Also be aware that cold weather can hit ebike batteries hard. My own experience of the Subway E is a 20% or so drop in range for a drop in temperature from 12°C to 2°C.

Use your mobile phone and the Strava app to record your ride independently and get an authoritative average speed, then look again. However, your mileage is within the range that Subway E riders report, and that I experience myself, so I suspect there's little wrong with it - they're great bikes, but 317Wh is one of the smaller ebike batteries out there.


----------



## ebikeerwidnes (7 Apr 2021)

Agreed - but also pay attention to the speed that the motor ACTUALLY cuts out - and how accurate your mileage is - again Strava can help here - as can other apps
My ebike cuts out at 16.x MPH according to the display - but also logs more miles than strava and other GPS apps so I think is is over on mileage!

So when you are doing 16 mph you may actually be doing less - or more
see if you can hear the motor. Although if it is working properly it will help less and become quieter as you get closer to the cut off so the cut off may be slightly higher than it sounds like.

but if you are doing slightly over the cutoff you should be using NO battery!
I find that the tendency is to do a speed that is around the cut off speed - because you pedal up to the cutoff then go slightly over on the flat - then when it goes downhill you go faster - but when there is a slight hill you drop a little bit and the motor kicks in and help a bit but you hardly notice.

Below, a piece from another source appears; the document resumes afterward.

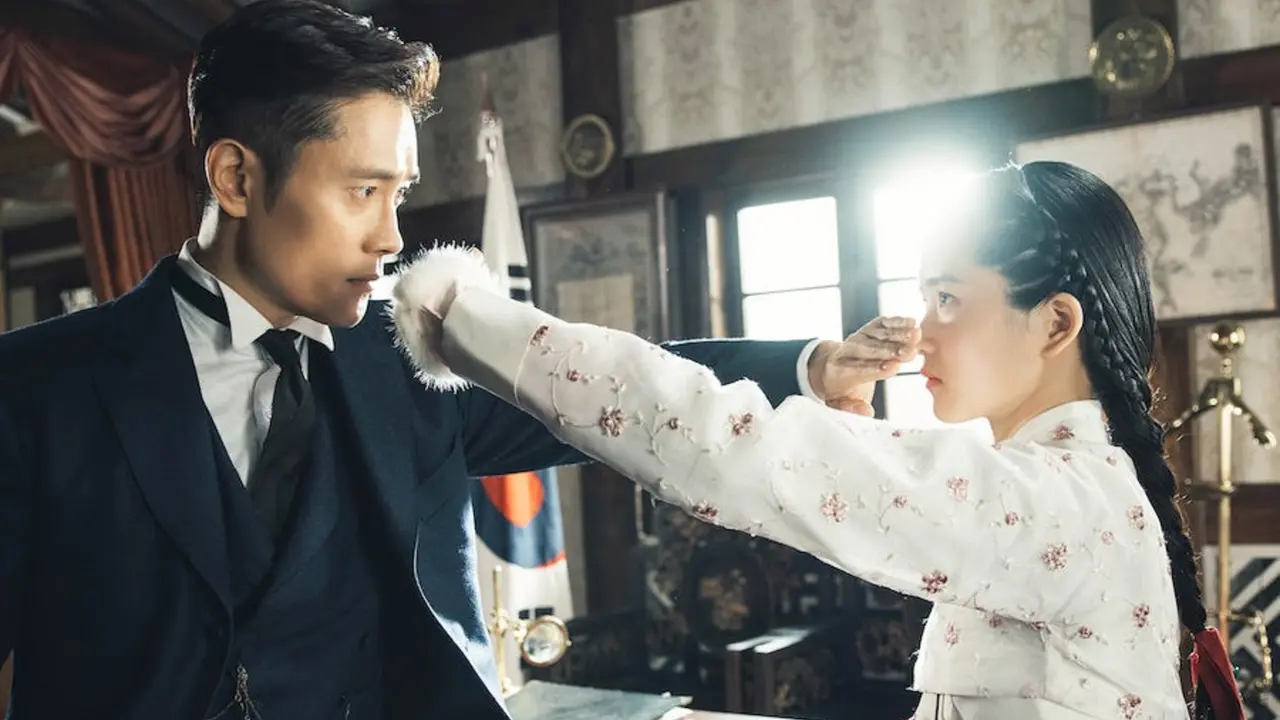 Mr Sunshine (Soompi)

So it is complicated - but if your are pedally at around the cutoff you should do a reasonable mileage - if they say 40 - 28 would seem a minimum if you are on pretty flat land at around the cutoff speed


----------



## Drago (8 Apr 2021)

Indeed. Mine cuts out at an indicated 16/17 mph on the display, but GPS shows it really is down in the 15 mph range, exactly as it should be.


----------



## plumber (8 Apr 2021)

Thanks for all the advice , I think the average speed was high maybe but will give it more runs have run the battery flat a few times 28 was the most it did with warmer weather coming may get a better reading .


----------



## Legomutton (9 Apr 2021)

Have a look at the Bosch range calculator. It's designed for Bosch system bikes but it enables you to see the relative impact of speed, bike type, tyres, average speed (up to 16mph) riding position, season (temperature), terrain type, assistance mode, battery size, etc. Temperature seems quite important.

I think the cut off of assistance above 15.5mph is probably a red herring. You can set up to 16mph average on the Bosch estimator which implies a substantial proportion of unassisted pedalling anyway.


----------



## Pale Rider (10 Apr 2021)

Legomutton said:


> I think the cut off of assistance above 15.5mph is probably a red herring. You can set up to 16mph average on the Bosch estimator which implies a substantial proportion of unassisted pedalling anyway.



The Bosch range estimator also caters for their Speed pedelec motors which assist up to 28mph/45kph.


----------



## fossyant (22 May 2021)

I think my dad is on the trigger for getting either the subway or the slightly more expensive carrera. Need to go with him and check sizes as he's not particularly tall. Need to take into account the weight too.


----------